If Babylon 5 is a measure, at least one of the creators has some facility at maintaining character focus in the midst of major plot arc - Londo and G'Kar are good examples, I think, of where this can go.

Oh, and JMS is *also* known for having his end-game planned before he begins.  I would not expect Sense8 to suffer from "we were just making it up as it went along", when one of the creators had the first 5-season plotted arc in genre TV.


----------



## Janx (Aug 27, 2015)

Umbran said:


> If Babylon 5 is a measure, at least one of the creators has some facility at maintaining character focus in the midst of major plot arc - Londo and G'Kar are good examples, I think, of where this can go.
> 
> Oh, and JMS is *also* known for having his end-game planned before he begins.  I would not expect Sense8 to suffer from "we were just making it up as it went along", when one of the creators had the first 5-season plotted arc in genre TV.
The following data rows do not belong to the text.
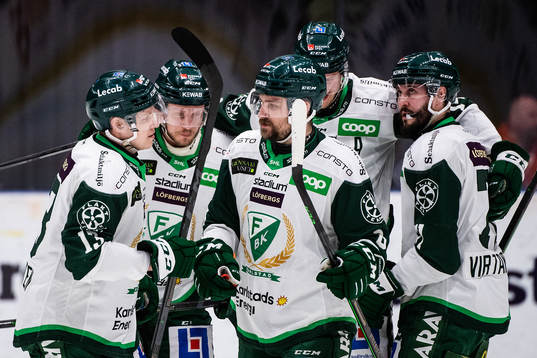 Färjestads Daniel Viksten jublar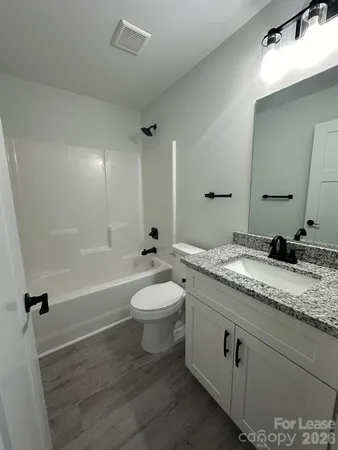 $1,625 | 1228 4th St Lane Northeast, Hickory, NC 28601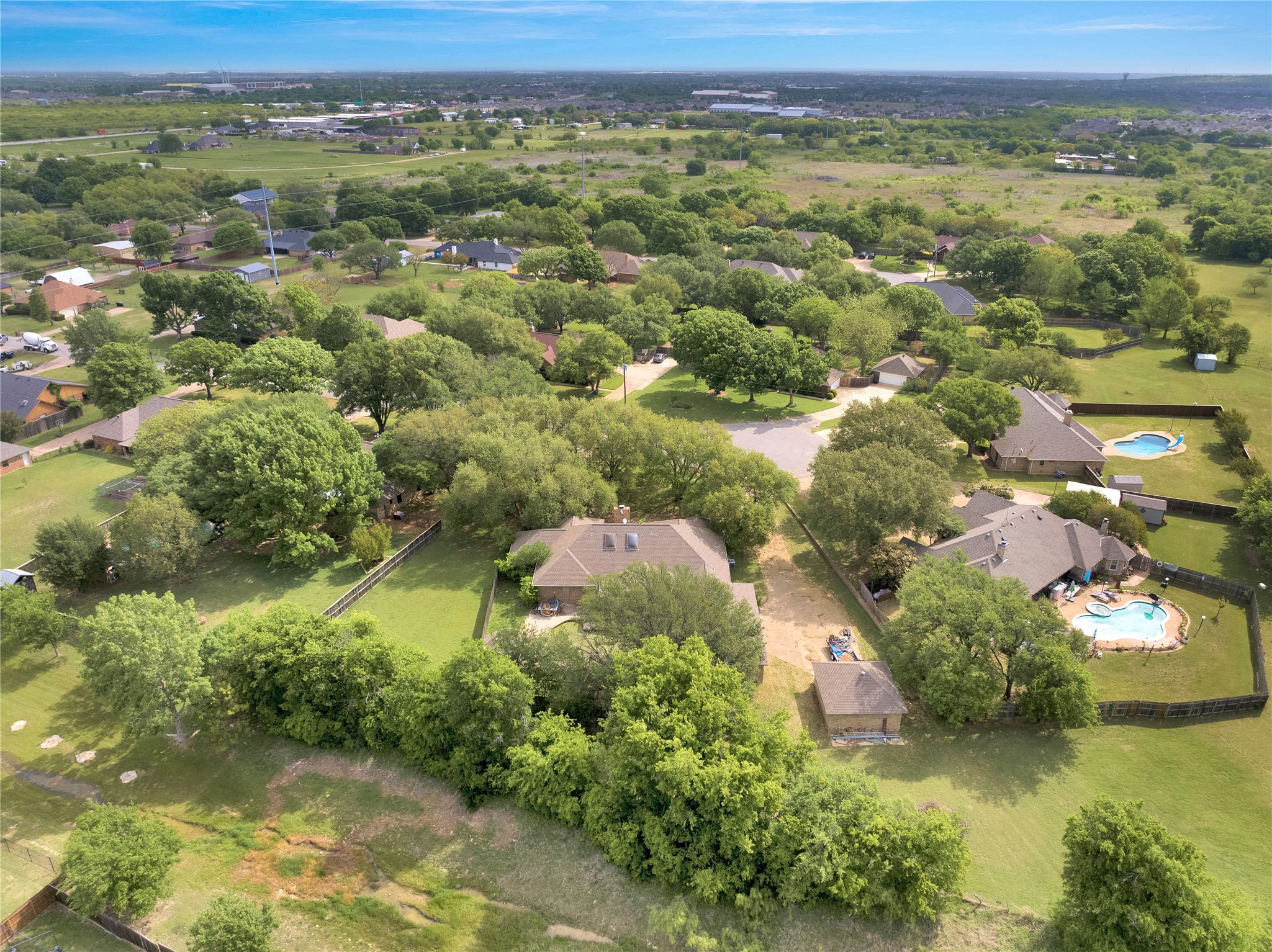 1020 Crystal Lane Crowley TX 76036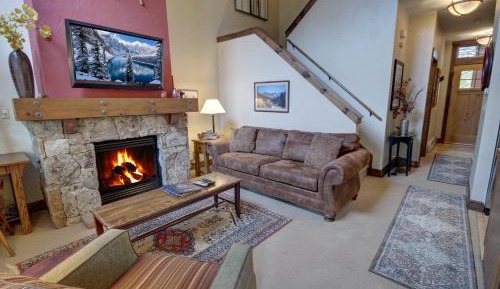 Two-Bedroom Townhouse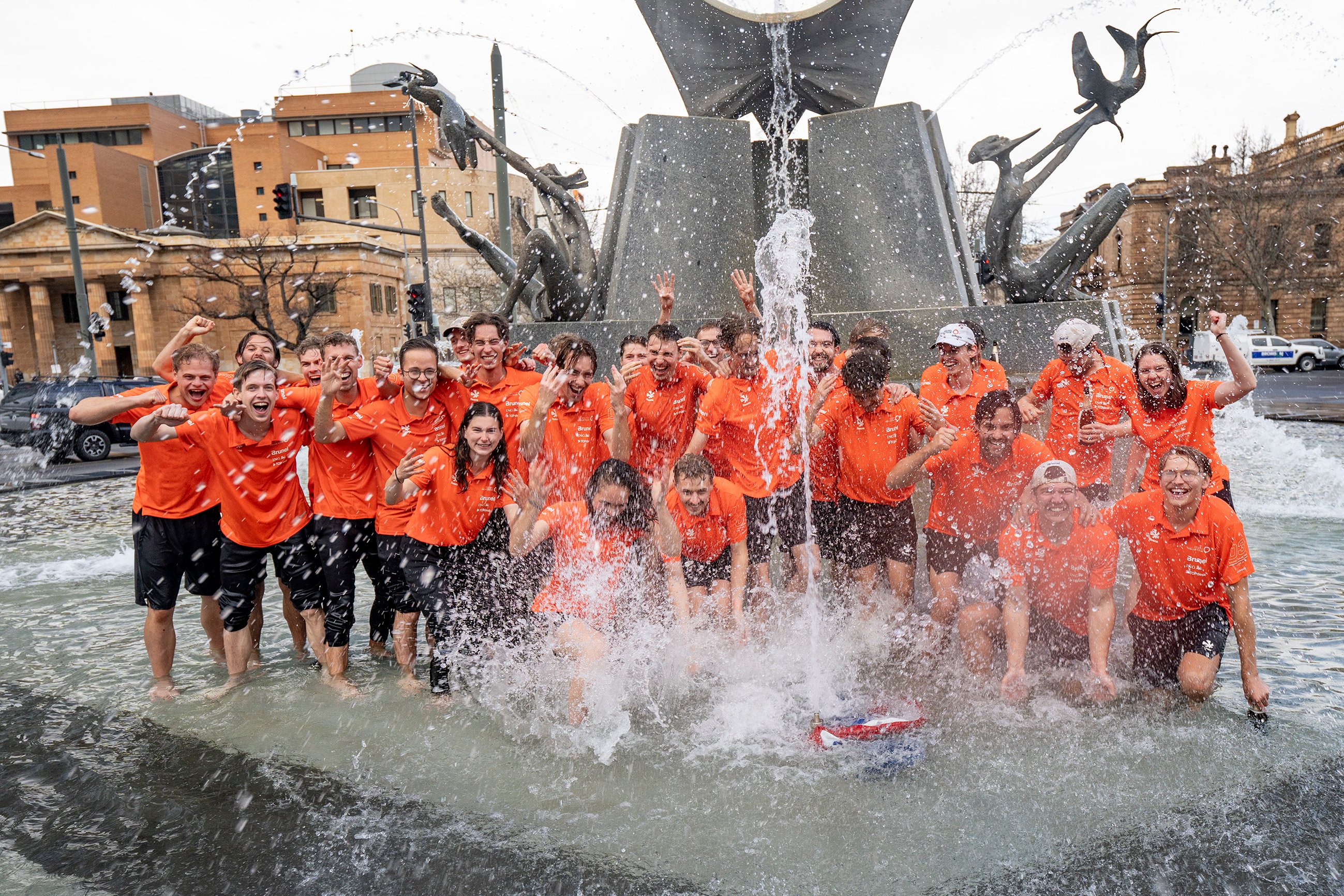 BrunelSolarTeam_Finish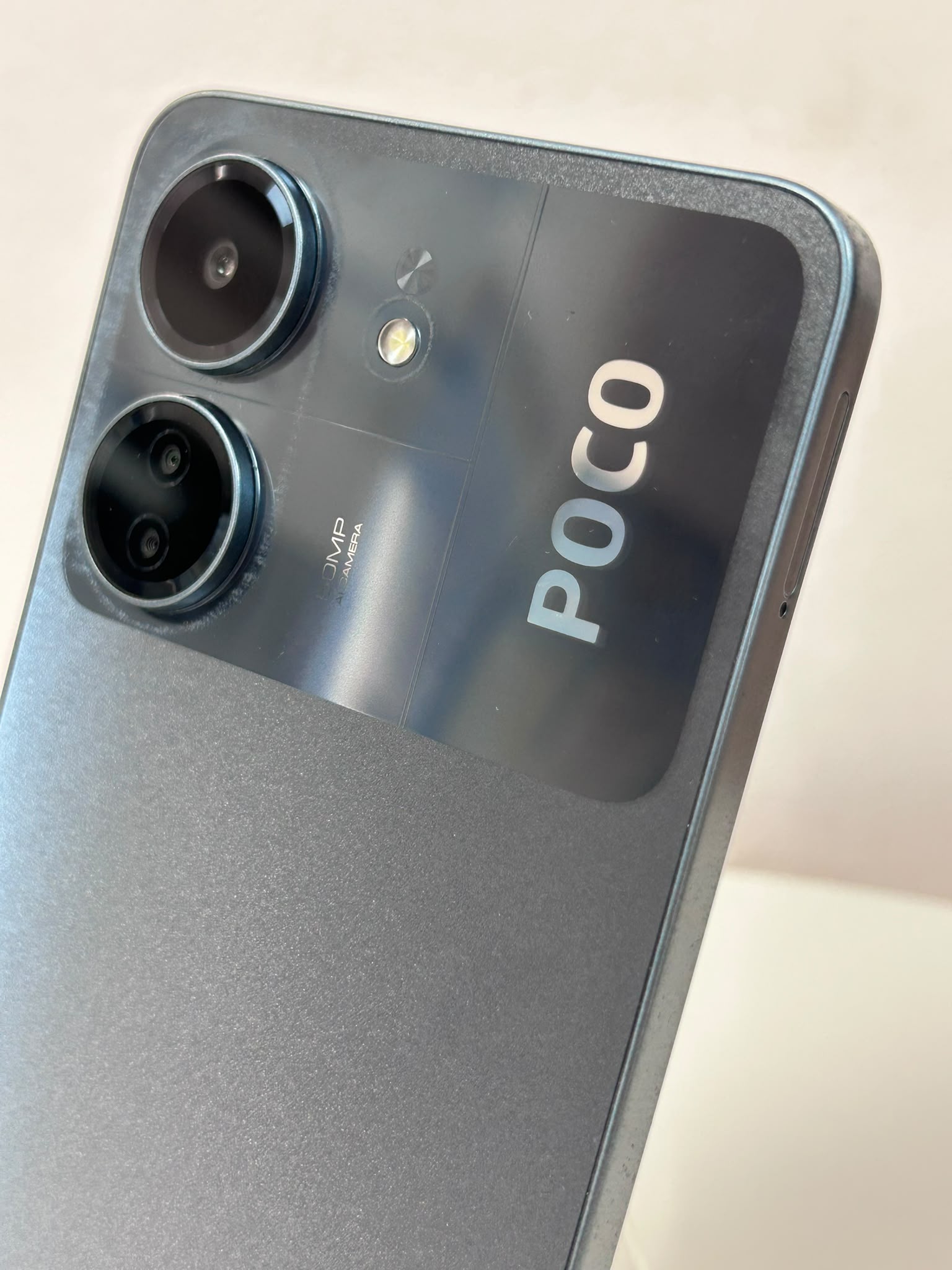 POCO C65 Blue 256GB 8GB RAM – Smartphone cu Stocare Generoasă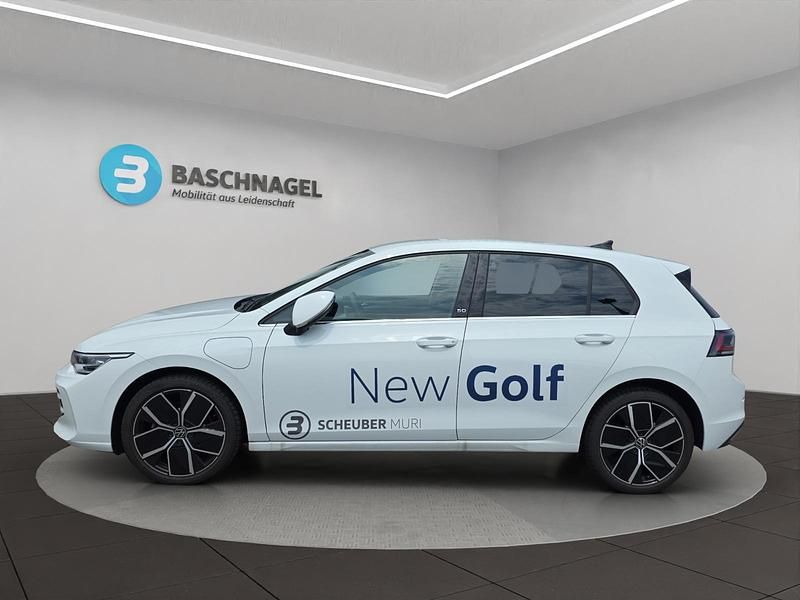 Gebraucht VW Golf VIII Edition 204 PS (150 kW) 2024 Weiss Limousine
I concur.  I've only see a few episodes of Sense8, but if JMS is behind it, I am reasonably confident that he has  a plan to take it somewhere.

It won't be a case of killing off a character because their story arc is through (typical of Lost and Walking Dead).

I would imagine, as a professional, he recognizes what was great about Lost and BSG and why the meandering willy nilly over a mystery that was made up as they went along was bad.  Heck, in his mind, he likely thinks "that's why I made B5 have a 5 year planned arc to avoid that problem"


I suspect this was the problem with Twin Peaks as well.  Another great character show, that in the end, made it up as they went along with regards to the mystery


----------



## Mallus (Aug 27, 2015)

Umbran said:


> If Babylon 5 is a measure, at least one of the creators has some facility at maintaining character focus in the midst of major plot arc - Londo and G'Kar are good examples, I think, of where this can go.



Good point. Londo and G'Kar are some of SF's best characters and they both changed enormously during the run of the show in a believable way. 



> Oh, and JMS is *also* known for having his end-game planned before he begins.  I would not expect Sense8 to suffer from "we were just making it up as it went along", when one of the creators had the first 5-season plotted arc in genre TV.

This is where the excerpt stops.